Every line from the one with "Stickers Escenario 3D" through the last line below should be repeated exactly; pictures stay out of the copy.

++++++++++++++++++++

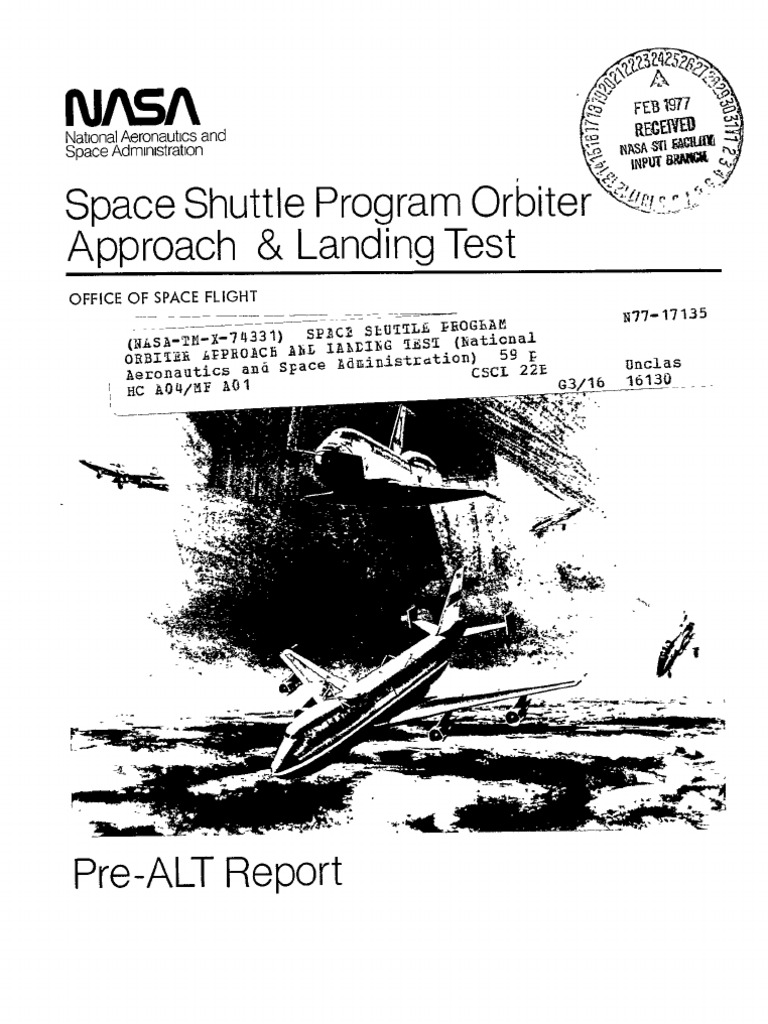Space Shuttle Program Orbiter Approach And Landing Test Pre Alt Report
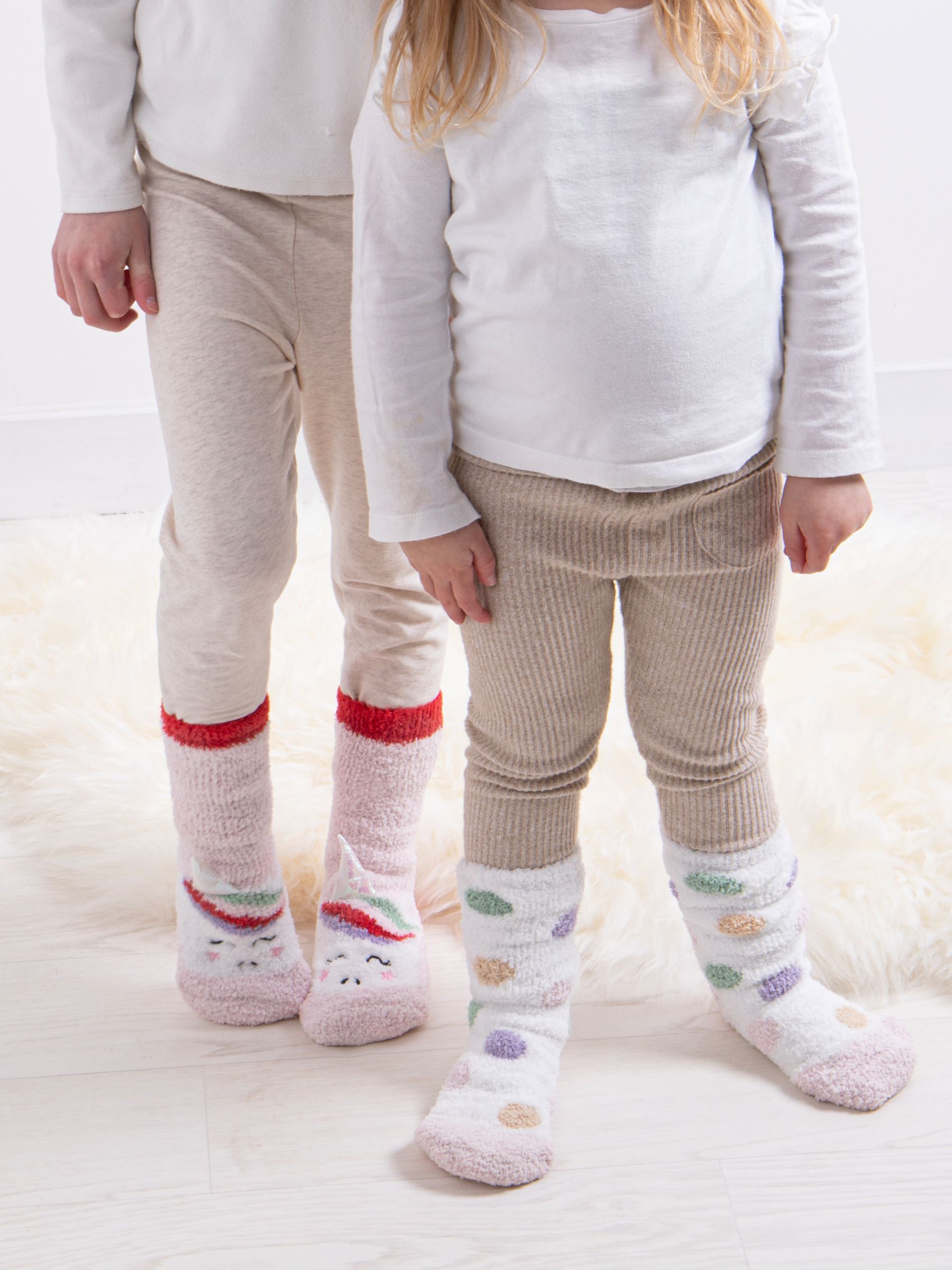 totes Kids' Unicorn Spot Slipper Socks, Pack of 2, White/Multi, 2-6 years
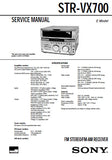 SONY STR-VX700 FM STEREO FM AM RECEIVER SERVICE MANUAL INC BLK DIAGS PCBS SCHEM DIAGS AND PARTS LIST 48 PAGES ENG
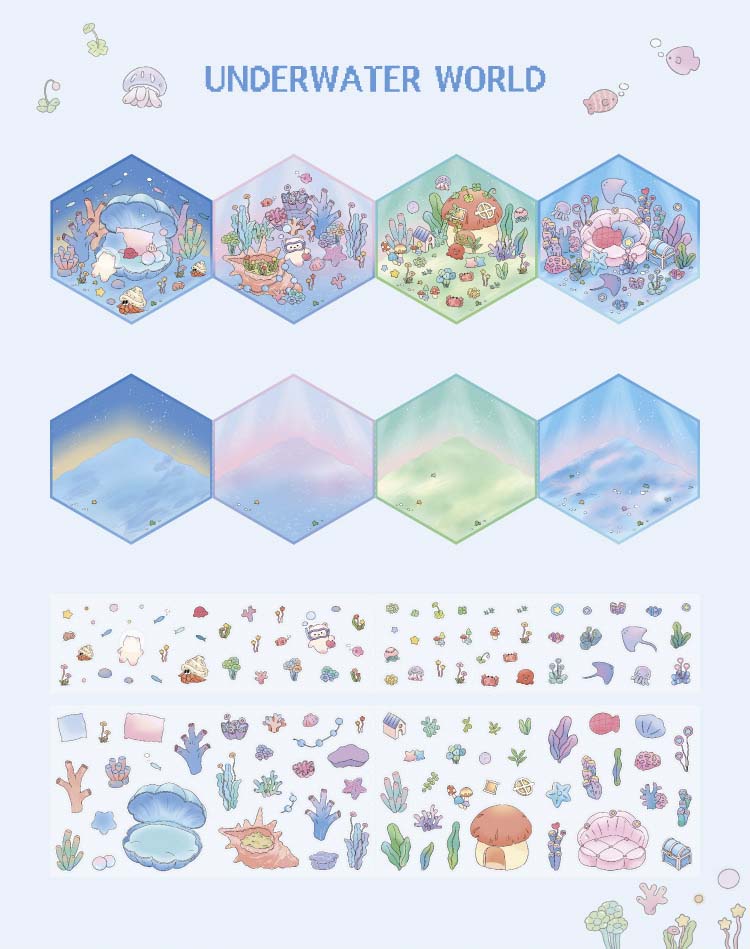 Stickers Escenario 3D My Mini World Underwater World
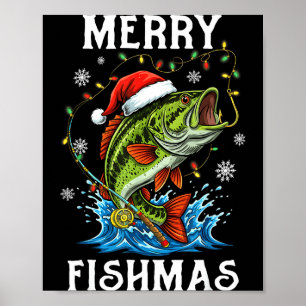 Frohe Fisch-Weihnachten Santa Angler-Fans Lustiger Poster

++++++++++++++++++++

* ANSWER FOR THIS EXERCISE
 Stickers Escenario 3D My Mini World Underwater World
 Frohe Fisch-Weihnachten Santa Angler-Fans Lustiger Poster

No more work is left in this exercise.